» **WHAT YOU ARE ASKED TO DO**:
Leave out the pictures and copy the remaining records exactly.

» **INPUT RECORDS**:

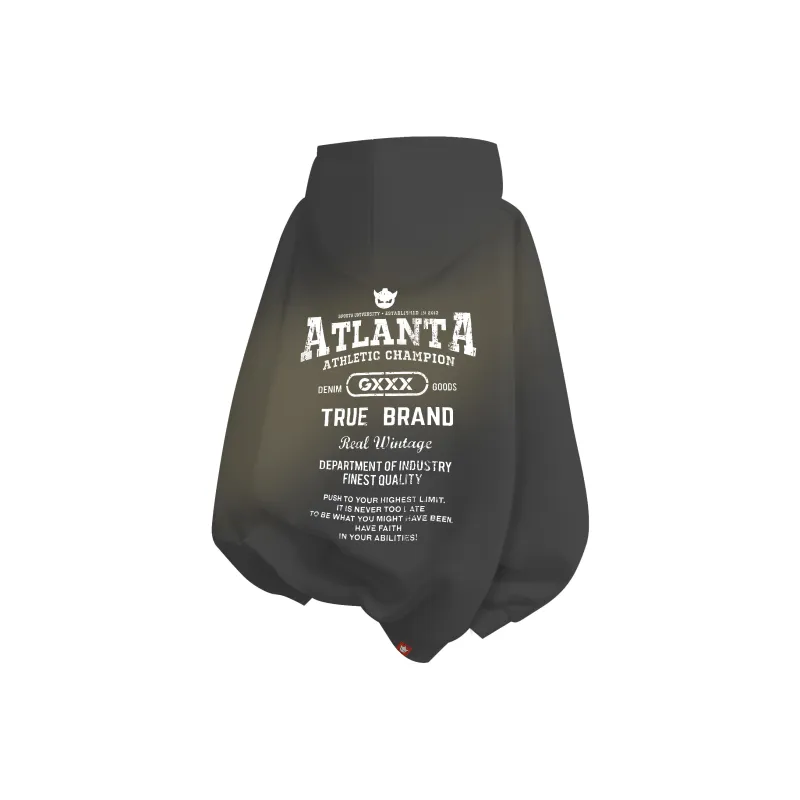 GXXX Fall And Winter Style Hoodie Unisex-10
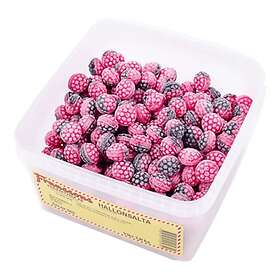 Storpack Hallonsalta Godis 2kg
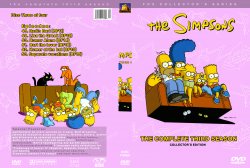 Simpsons Season 3 Disc 3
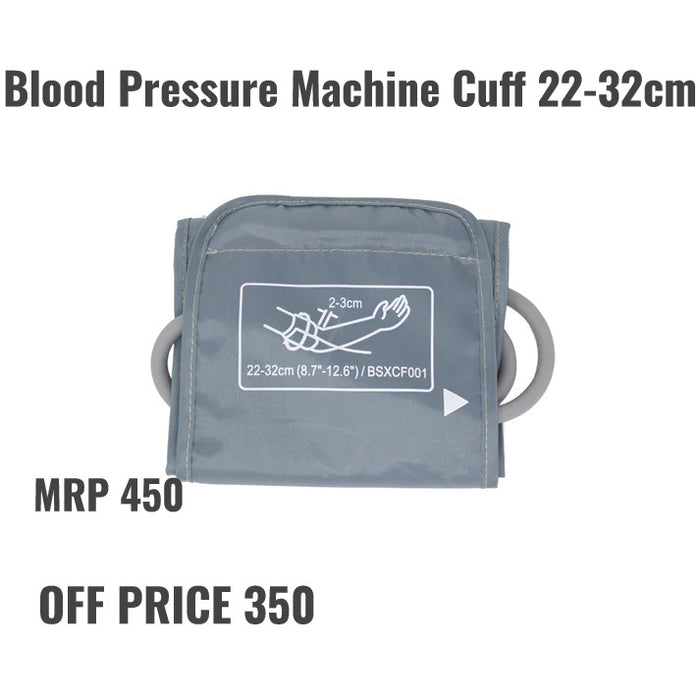 DR ODIN Blood Pressure Machine Cuff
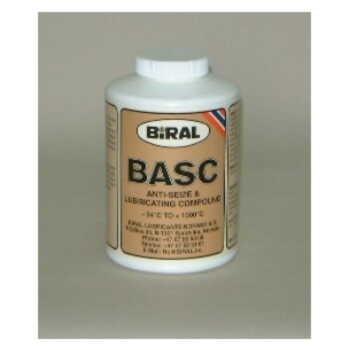 676310 BASC 450g 10個 耐高温焼付き防止コンパウンド（1000℃までの焼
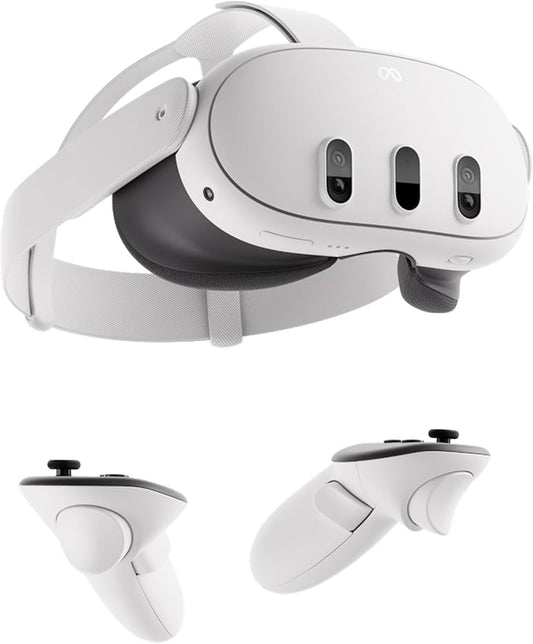 META Quest 3 VR Headset (512) GB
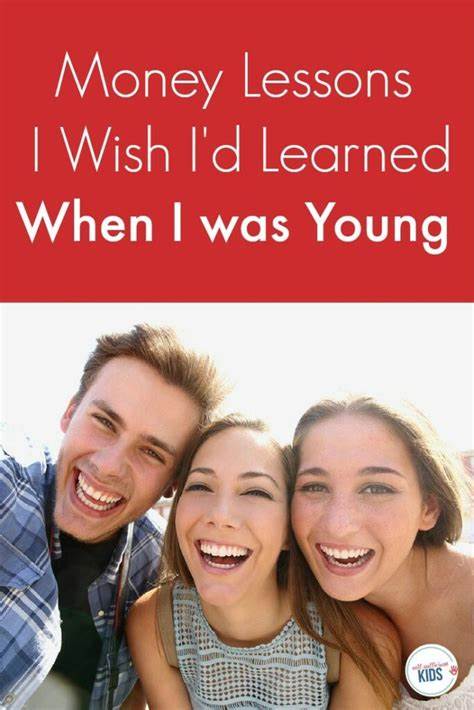 I’m Gen X: The Money Lessons I Wish I’d Learned as a Kid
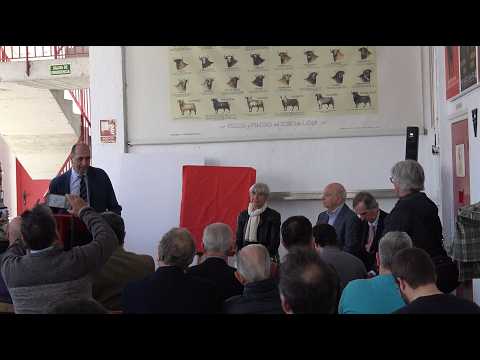 [EN DIRECTO] SF26: Presentación Cartel de la Feria del Toro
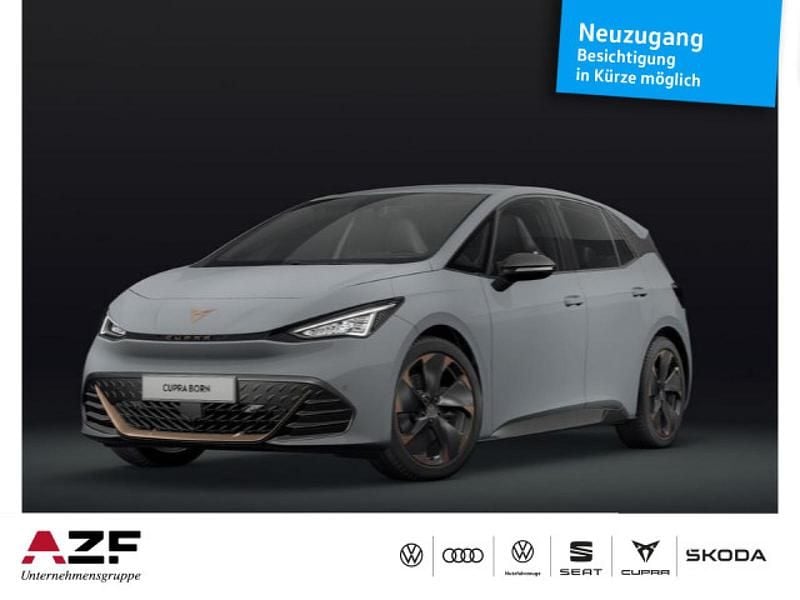 Grau Neu 2025 Cupra Born Kleinwagen | 34.790 € (Fairer Preis) - Bild 1/2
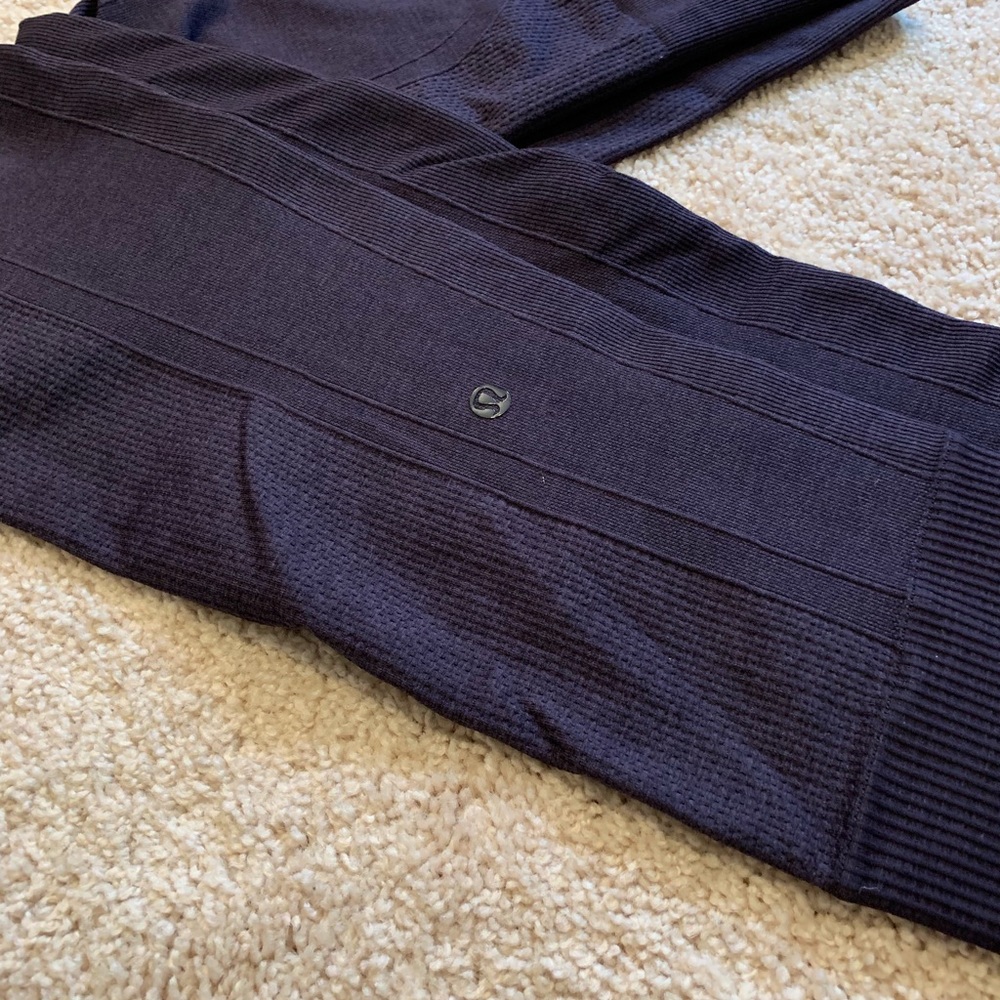 Lululemon Ebb to street pant! Perfect for winter!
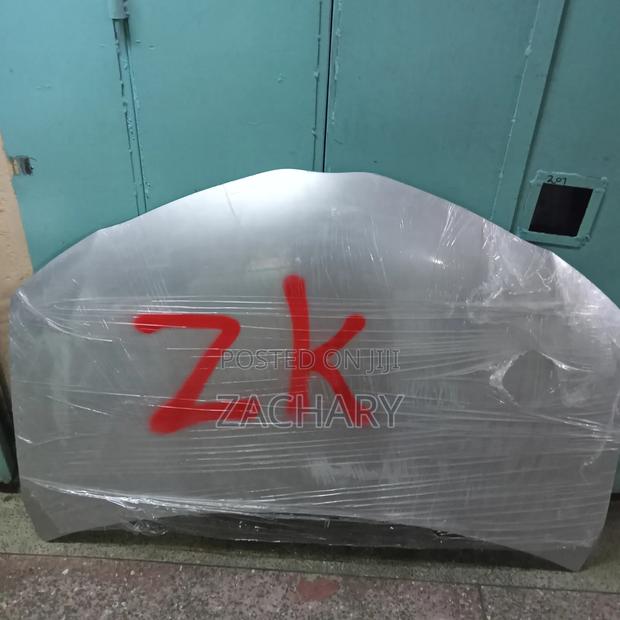 Fielder/Axio 161 2013 Bonnet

» **ANSWER BELOW**:
 GXXX Fall And Winter Style Hoodie Unisex-10
 Storpack Hallonsalta Godis 2kg
 Simpsons Season 3 Disc 3
 DR ODIN Blood Pressure Machine Cuff
 676310 BASC 450g 10個 耐高温焼付き防止コンパウンド（1000℃までの焼
 META Quest 3 VR Headset (512) GB
 I’m Gen X: The Money Lessons I Wish I’d Learned as a Kid
 [EN DIRECTO] SF26: Presentación Cartel de la Feria del Toro
 Grau Neu 2025 Cupra Born Kleinwagen | 34.790 € (Fairer Preis) - Bild 1/2
 Lululemon Ebb to street pant! Perfect for winter!
 Fielder/Axio 161 2013 Bonnet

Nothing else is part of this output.